→ ACTIVITY
If pictures appear among the lines below, leave them out while you return exactly the lines from the one with "PAIGE Jean Jacket" through the one with "JATA JEGR1124 Elektrogrill".

================

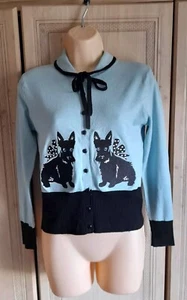 HELL BUNNY Women Turquoise/Block Scotty Dog Embroidered  Vintage Cardigan Size M - Picture 1 of 17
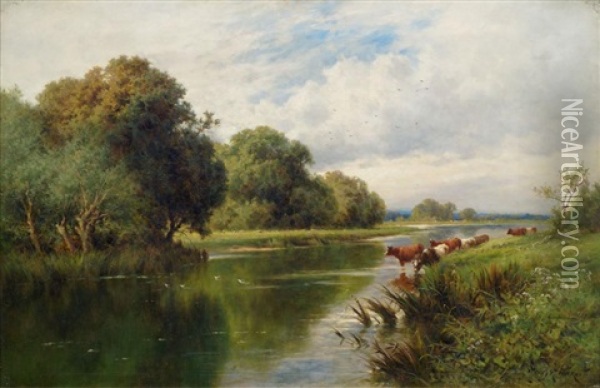 Silent Waters, Culham On Thames Oil Painting - Henry H. Parker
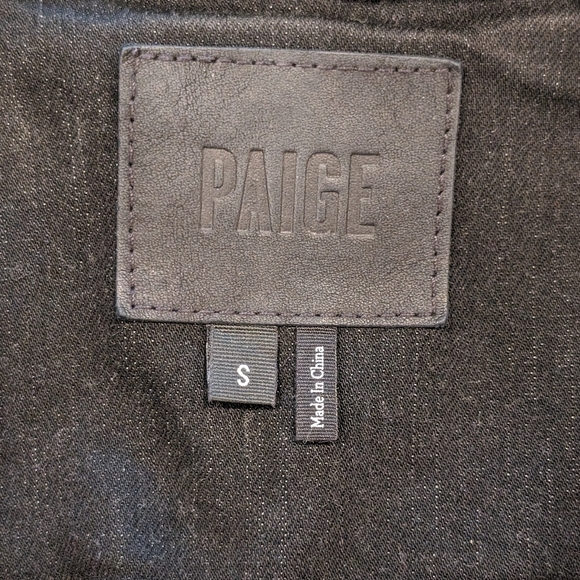 PAIGE Jean Jacket Sydney Women's Small Moto Sherpa Coated Black Stretch Denim - Picture 11 of 16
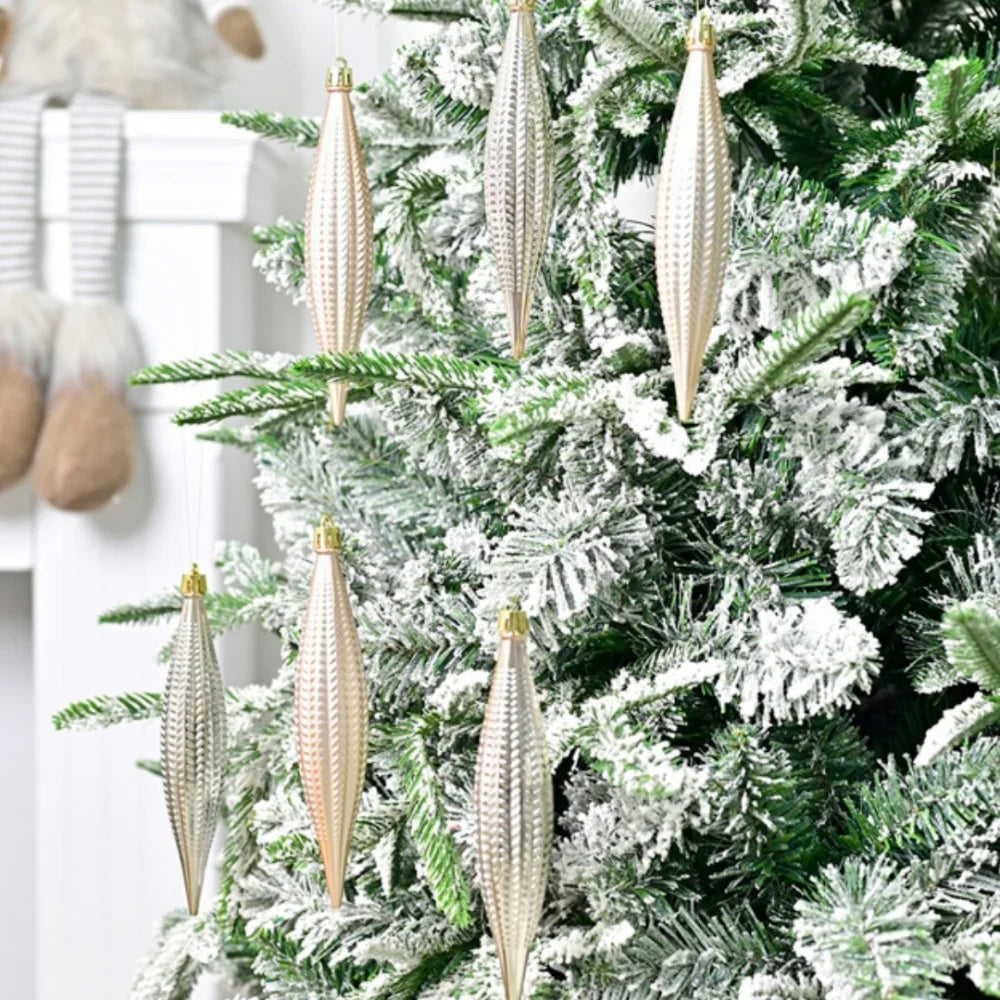 6-Pack Glitter Electroplated Christmas Ornaments – Icicle & Cone Christmas Tree Ornaments Zpaxo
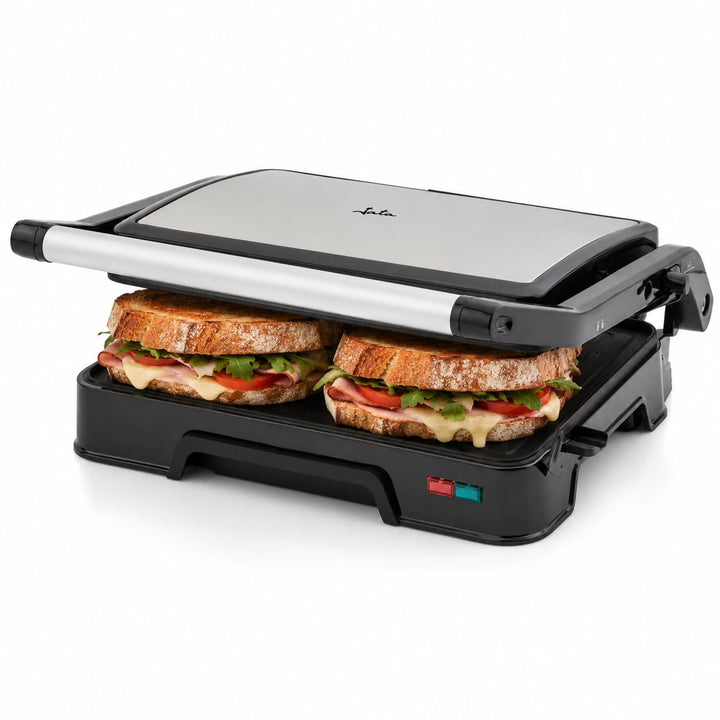 JATA JEGR1124 Elektrogrill und Grill mit geriffelten antihaftbeschichteten Platten, 23 x 14,5 cm, 10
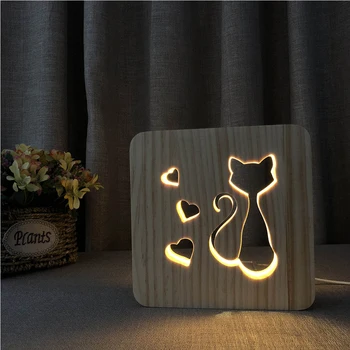 Drevené Lampa Zvierat Roztomilý kawaii Mačka Packa Lampa 3D USB LED Tabuľka Light Switch Kontroly drevorezbárstvo Čítanie pre Deti Miestnosti Dekorácie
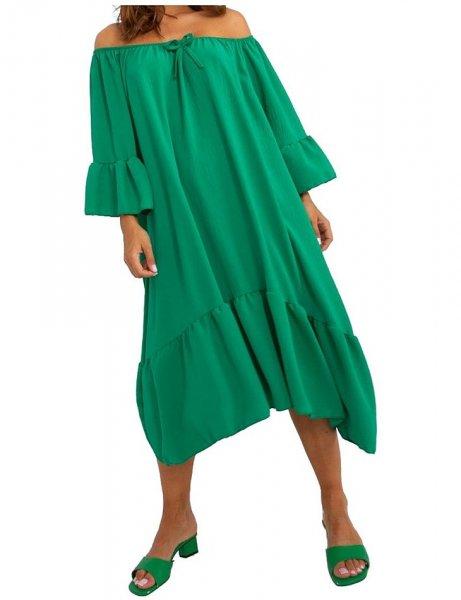 Zöld aszimmetrikus oversize midi ruha fodrokkal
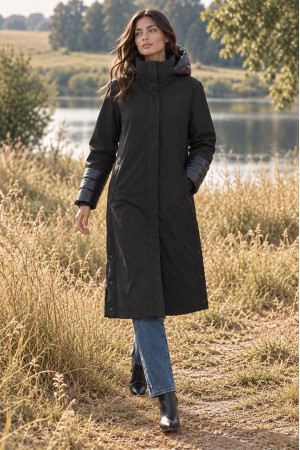 Black High Neck Midi Trench Coat with Detachable Hood - AIMELIA JR699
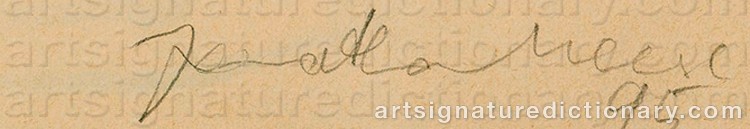 Authentic signature by Jonathan MEESE on  artwork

================

→ EXERCISE ANSWER
 PAIGE Jean Jacket Sydney Women's Small Moto Sherpa Coated Black Stretch Denim - Picture 11 of 16
 6-Pack Glitter Electroplated Christmas Ornaments – Icicle & Cone Christmas Tree Ornaments Zpaxo
 JATA JEGR1124 Elektrogrill und Grill mit geriffelten antihaftbeschichteten Platten, 23 x 14,5 cm, 10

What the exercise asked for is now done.